Un po’ l’avevano messo in conto, ma poi hanno visto i ricorsi alla Corte costituzionale e preso atto che sulle riforme si continua a giocare la partita della vita. Uno scontro tra centro e periferia con in mezzo gare di appalto, progetti, investimenti. I ministeri incaricati di regolamentare le procedure di impatto ambientale si sono visti sbarrare il passo da Lombardia, Sardegna e Valle d’Aosta.
Tutte e tre hanno impugnato la legge di riforma della Via sostenendo che intacca e limita i poteri loro e quelli delle Province autonome. La legge (una riforma di ciò che già c’era) è stata pubblicata il 6 luglio sulla Gazzetta Ufficiale. È costata tempo e polemiche, sebbene si trattasse di un recepimento della direttiva europea 2014/52/UE. I segnali di un fronte antiriforma, comunque, si erano avuti nella Conferenza Stato-Regioni.
Ma il governo è andato avanti per accelerare le migliaia di autorizzazioni in corso. Basti pensare a quelle sulle perforazioni, sull’Ilva, sull’ampliamento di siti esistenti, sul nucleare e così via. Davvero le prerogative degli enti territoriali sono state massacrate? Lo dirà la Corte Costituzionale. Il punto, evidentemente, è anche politico e risente di spinte autonomiste.

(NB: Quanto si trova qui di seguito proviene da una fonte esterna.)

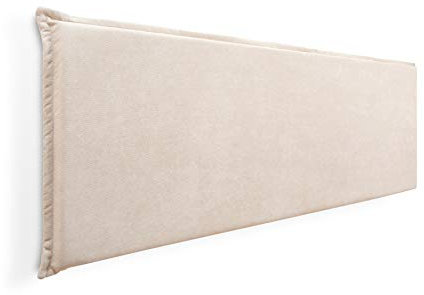 SUENOSZZZ-ESPECIALISTAS DEL DESCANSO Cabecero de Espuma Jazmin Foam Liso con Ribete, Desenfundable, para Camas de 80 y 90 (94 x 52 cm) Tela Beige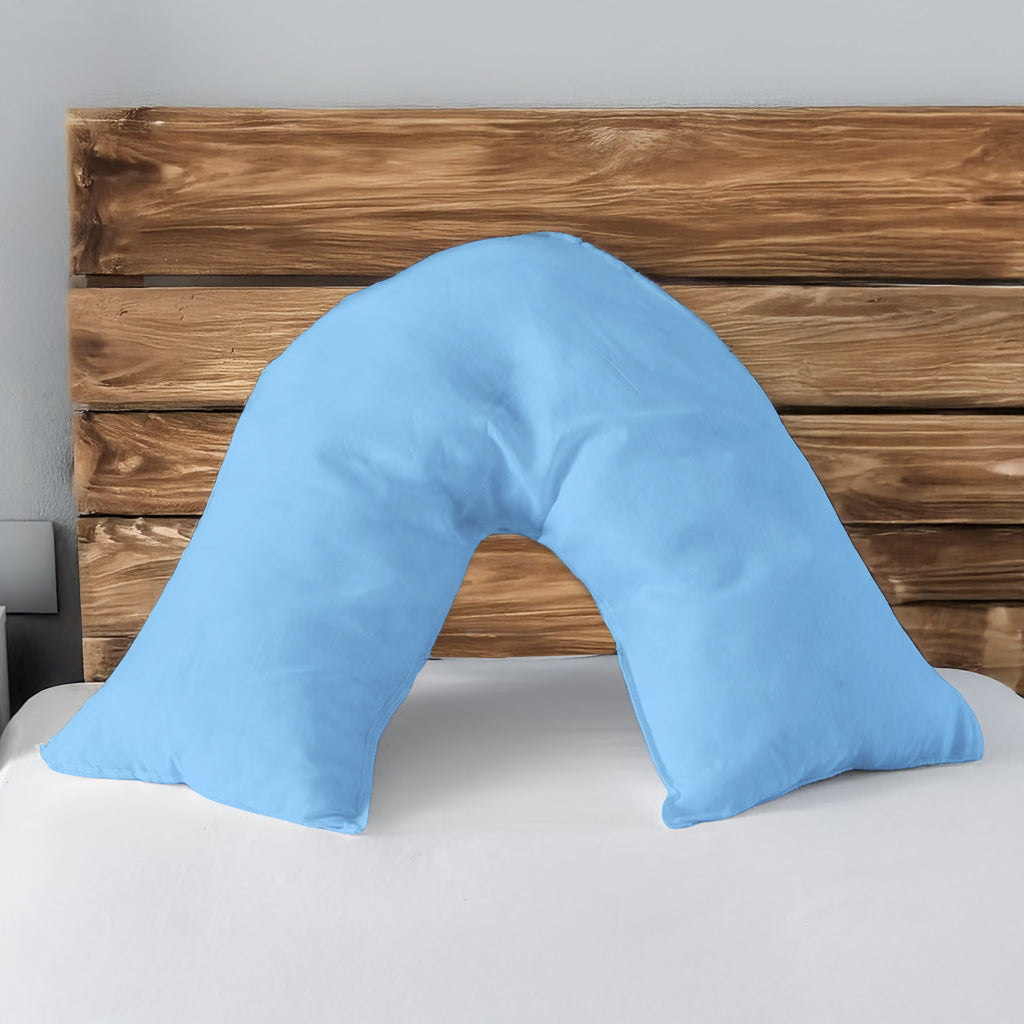 Microfibre Soft Touch V Shape Plain Dyed Pillowcase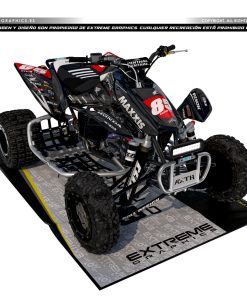Adhesivos Quad Honda TRX 450 Race Gris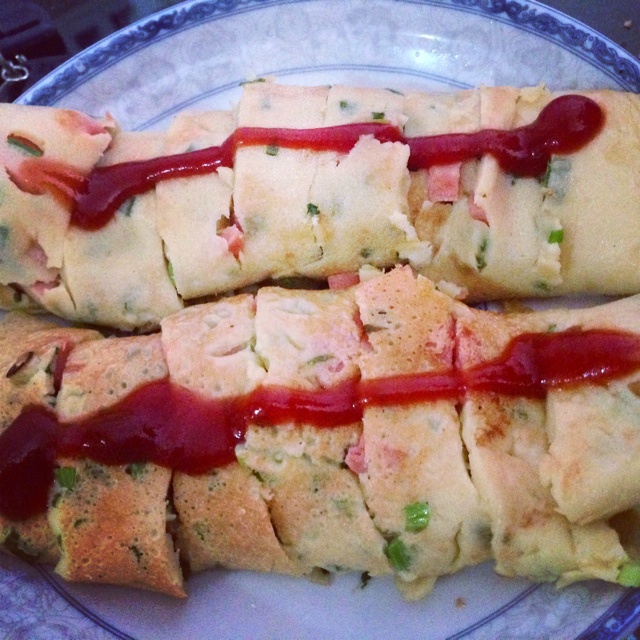 葱花鸡蛋饼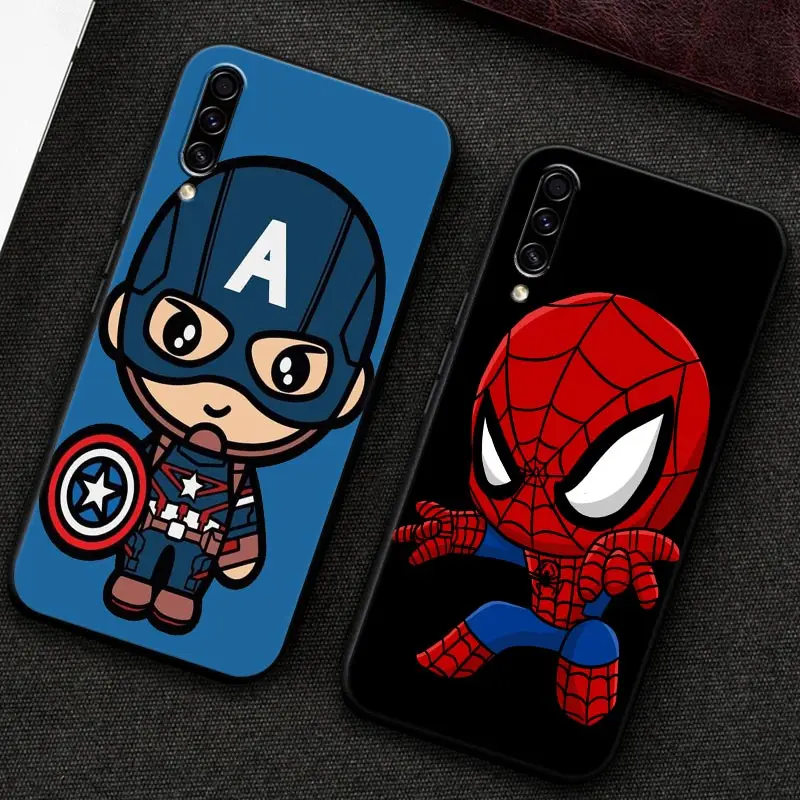 Marvel Soft Case For Samsung Galaxy A30 A30S A50 A50S A10S A70 A20 A40 A7 A9 2018 Silicone Cover Captain America Groot Spiderman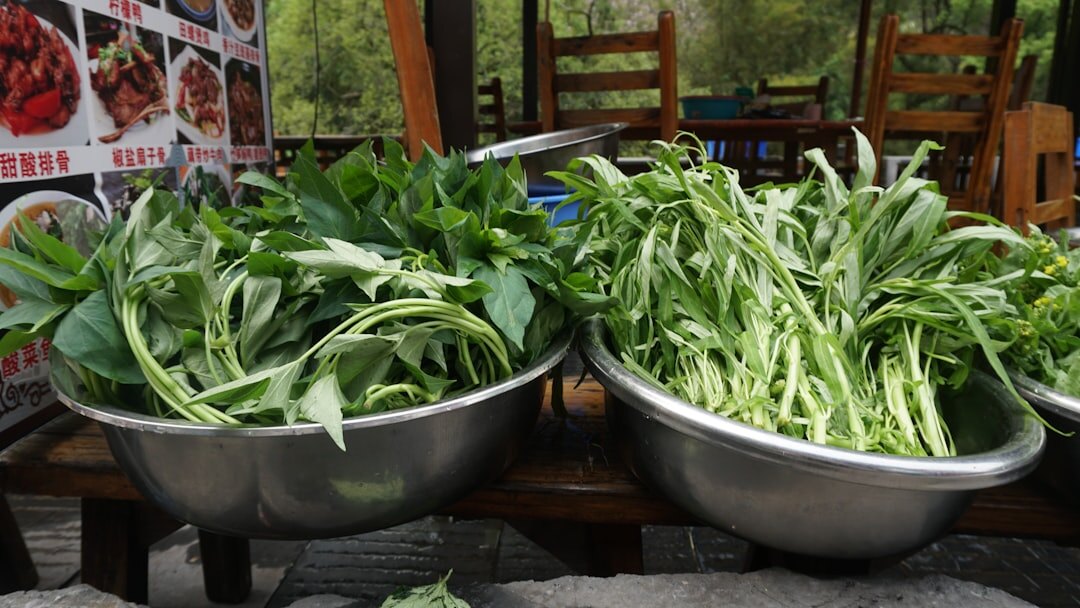 market stall with fresh vegetables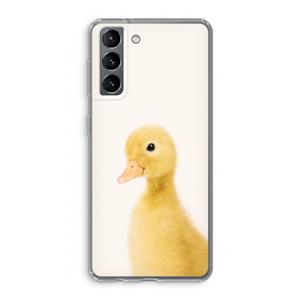 CaseCompany Duke: Samsung Galaxy S21 Transparant Hoesje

A Milano si sostiene che nel recepimento della normativa europea lo Stato ha toccato competenze che la Costituzione individua, invece, come potestà regionale. Negli anni questa autonomia ha prodotto, però, regole valide nei singoli ambiti, oggetto di liti, ritardi e blocco di cantieri. Non è stato facile per imprese ed investitori districarsi tra norme nazionali, regionali e regolamenti derivati.
La legge di luglio riguarda l’insieme dei procedimenti articolati in Vas (valutazione ambientale strategica), Aia (autorizzazione integrata ambientale), Via (valutazione di impatto ambientale) specifica. Nei ricorsi alla Corte si contesta persino il mancato coinvolgimento nella determinazione dei costi amministrativi delle autorizzazioni e l’introduzione di disparità tra procedimenti di competenza statale e regionale.
Nella sostanza lo scontro è su undici norme, ritenute incostituzionali sulle quali i Governatori avevano presentato emendamenti poi non accettati dal governo. L’Italia ha bisogno di snellire le procedure, se non altro in virtù di principi comunitari. Al contrario la rivendicazione di autonomia territoriale rimette a figure ed organismi lontani da Roma la responsabilità di decisioni strategiche. Il timore che tutto è accentrato si accompagna alla rapidità dei procedimenti.
Forse le nuove regole andavano concertate meglio e fare a meno di opposizioni legali che congelano iniziative necessarie allo sviluppo del Paese. Anche a sfruttare questo periodo in cui l’economia è in ripresa. Deve far riflettere che i giudici dovranno pronunciarsi anche su valutazioni ambientali già avviate in loco e che ora faranno capo ai ministeri e al governo centrale. Che fine fa il principio della vicinanza del territorio ai cittadini, si chiede la Regione Lombardia?
Con la legge di luglio alle Regioni- dice una nota, è rimasto l’esercizio delle funzioni amministrative, potendo intervenire solo su aspetti meramente operativi. Dal Trentino, arriva la contestazione sulla “franchigia” di 120 giorni per adeguare le regole locali a quelle nazionali. Non sarà facile uscire da questo stallo, mentre l’Ue ha già in campo le sue norme.